Мое педагогическое становление прошло не без влияния Москвина. Он наставлял меня удивительно тактично, ненавязчиво. Помню, как я однажды репетировал в Гринер-зале, и мне зачем-то нужно было выйти. Я широким жестом, с ходу распахнул дверь. И Владимир Иванович, стоявший под дверью, едва успел отскочить. Он стоял в коридоре и слушал, как я веду урок, чтобы не давить на меня своим присутствием.
Мы с В. И. Москвиным много общались и по делам училища, и просто так, по-человечески. Он мне рассказывал о своем именитом отце. Помню такой эпизод, удивительно проникновенно характеризующий жизнелюбие Ивана Михайловича Москвина и в то же время исполненный драматизма.
Поехал как-то Владимир Иванович с отцом на рыбалку, с ночевкой. Половили на вечерней зорьке, легли спать, чтобы поутру снова закинуть удочки. Среди ночи Владимир Иванович просыпается и видит — отец лежит с открытыми глазами. Он спрашивает у него: «Папа, почему ты не спишь?» — «Жалко спать», — отвечает Иван Михайлович. Пронзительная фраза — «Жалко спать». Так мог сказать только человек, которому хочется наслаждаться жизнью и который остро ощущает скоротечность бытия.
В самом начале своего педагогического пути я делал со студентами отрывки в качестве ассистента под руководством этих прекрасных опытных педагогов. Это были очень разные люди и очень разные педагоги, но объединяло их то, что они несли в себе дух творчества Вахтангова. И я стремился от каждого взять что-то присущее именно этому художнику.
Но период кураторства надо мной длился недолго, и вскоре я начал работать самостоятельно, представляя на экзамены свои работы. В какой-то момент, когда мы показывали лучшие отрывки в Доме актера, Борис Евгеньевич Захава обратил внимание на то, что из восьми отрывков три были мои. Я в тот период очень много и с большим интересом работал в училище. И Захава предложил мне занять место художественного руководителя курса. Это было признанием моей работы и честью для меня. Было страшновато, но я согласился.

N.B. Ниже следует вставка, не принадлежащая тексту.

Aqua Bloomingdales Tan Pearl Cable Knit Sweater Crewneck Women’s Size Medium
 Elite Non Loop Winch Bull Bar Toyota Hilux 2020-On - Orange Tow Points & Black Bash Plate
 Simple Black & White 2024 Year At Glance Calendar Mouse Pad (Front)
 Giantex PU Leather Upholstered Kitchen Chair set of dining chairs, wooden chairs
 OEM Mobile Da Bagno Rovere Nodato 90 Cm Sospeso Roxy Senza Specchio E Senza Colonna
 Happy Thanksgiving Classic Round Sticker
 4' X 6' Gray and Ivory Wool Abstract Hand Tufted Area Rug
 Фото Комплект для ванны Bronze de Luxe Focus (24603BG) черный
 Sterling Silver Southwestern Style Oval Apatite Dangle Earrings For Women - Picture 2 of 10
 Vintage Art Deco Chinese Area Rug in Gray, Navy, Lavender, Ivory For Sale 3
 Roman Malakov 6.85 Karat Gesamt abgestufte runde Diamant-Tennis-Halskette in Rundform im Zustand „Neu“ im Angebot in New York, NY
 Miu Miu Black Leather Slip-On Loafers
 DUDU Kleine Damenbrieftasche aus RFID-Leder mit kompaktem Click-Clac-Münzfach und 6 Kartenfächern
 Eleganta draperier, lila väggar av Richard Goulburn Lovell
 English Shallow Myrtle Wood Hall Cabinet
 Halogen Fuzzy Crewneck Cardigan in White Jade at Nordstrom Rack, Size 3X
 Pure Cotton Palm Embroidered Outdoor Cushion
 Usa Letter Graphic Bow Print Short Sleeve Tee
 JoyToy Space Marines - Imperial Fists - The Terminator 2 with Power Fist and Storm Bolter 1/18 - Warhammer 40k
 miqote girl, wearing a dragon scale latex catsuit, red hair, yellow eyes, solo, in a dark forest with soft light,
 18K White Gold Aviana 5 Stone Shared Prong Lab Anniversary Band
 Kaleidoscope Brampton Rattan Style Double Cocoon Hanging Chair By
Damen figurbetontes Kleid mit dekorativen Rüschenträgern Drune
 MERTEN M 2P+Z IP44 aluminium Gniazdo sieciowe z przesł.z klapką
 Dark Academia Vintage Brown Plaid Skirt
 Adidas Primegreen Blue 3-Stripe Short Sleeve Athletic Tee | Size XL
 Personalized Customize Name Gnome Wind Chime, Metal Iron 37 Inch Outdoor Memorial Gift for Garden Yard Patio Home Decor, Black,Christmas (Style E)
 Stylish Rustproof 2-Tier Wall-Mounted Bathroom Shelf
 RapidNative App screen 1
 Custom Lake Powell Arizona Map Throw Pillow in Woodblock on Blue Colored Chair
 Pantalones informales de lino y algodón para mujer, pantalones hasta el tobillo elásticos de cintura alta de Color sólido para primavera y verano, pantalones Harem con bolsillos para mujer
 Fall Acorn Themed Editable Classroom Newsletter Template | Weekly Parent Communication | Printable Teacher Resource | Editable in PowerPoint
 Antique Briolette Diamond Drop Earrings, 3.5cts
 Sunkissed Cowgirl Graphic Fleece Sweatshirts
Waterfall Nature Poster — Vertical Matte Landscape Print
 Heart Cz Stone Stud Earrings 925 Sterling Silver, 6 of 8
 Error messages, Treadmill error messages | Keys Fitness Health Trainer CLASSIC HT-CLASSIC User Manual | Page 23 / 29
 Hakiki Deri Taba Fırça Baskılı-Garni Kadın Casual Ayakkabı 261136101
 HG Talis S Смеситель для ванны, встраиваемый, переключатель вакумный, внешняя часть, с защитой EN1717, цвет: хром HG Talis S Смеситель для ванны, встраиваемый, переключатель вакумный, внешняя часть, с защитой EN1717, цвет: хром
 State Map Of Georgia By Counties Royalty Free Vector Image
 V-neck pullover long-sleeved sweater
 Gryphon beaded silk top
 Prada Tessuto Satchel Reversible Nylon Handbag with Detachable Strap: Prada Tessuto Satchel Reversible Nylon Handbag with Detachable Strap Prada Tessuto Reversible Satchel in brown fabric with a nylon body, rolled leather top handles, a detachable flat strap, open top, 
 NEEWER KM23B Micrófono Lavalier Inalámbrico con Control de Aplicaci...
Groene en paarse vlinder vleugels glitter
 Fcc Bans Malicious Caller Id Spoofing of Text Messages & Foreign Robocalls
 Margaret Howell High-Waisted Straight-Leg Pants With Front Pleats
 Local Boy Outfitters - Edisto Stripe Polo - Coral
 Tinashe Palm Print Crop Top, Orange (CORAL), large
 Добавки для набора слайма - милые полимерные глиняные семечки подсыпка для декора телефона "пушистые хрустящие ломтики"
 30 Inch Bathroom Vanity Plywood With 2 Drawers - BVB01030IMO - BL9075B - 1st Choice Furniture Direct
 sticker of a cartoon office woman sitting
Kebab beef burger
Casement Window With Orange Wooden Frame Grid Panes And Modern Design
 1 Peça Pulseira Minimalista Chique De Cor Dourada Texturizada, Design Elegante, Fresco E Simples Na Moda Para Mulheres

К этому времени мастерами на курсах работали только старые вахтанговцы, профессора. И вдруг такое нарушение традиций. В 1957 году я стал самым молодым руководителем курса и начал с рвением выполнять свои обязанности. Руководство курсом дело почетное, но ответственное и хлопотное. За четырехлетний период работы на курсе я не сыграл ни одной новой роли ни в театре, ни в кино. Зато своими учениками я вправе гордиться. Если Станиславский говорил, что ради одного талантливого ученика имеет смысл воспитывать курс, то мне посчастливилось перевыполнить эту норму. Мой курс окончили Людмила Максакова, Александр Збруев, Вениамин Смехов, Зиновий Высоковский, Александр Биненбойм, Иван Бортник, Ирина Бунина, ныне профессора нашего училища А. Сабинин и Ю. Авшаров, руководитель курса Александр Белявский. Я позволил себе поименно назвать именно выпускников своего курса и никогда не называю своими учениками студентов, к которым имел педагогическое касательство. Ибо не тот учитель, который учит, а тот, у которого учишься. Этих учил я.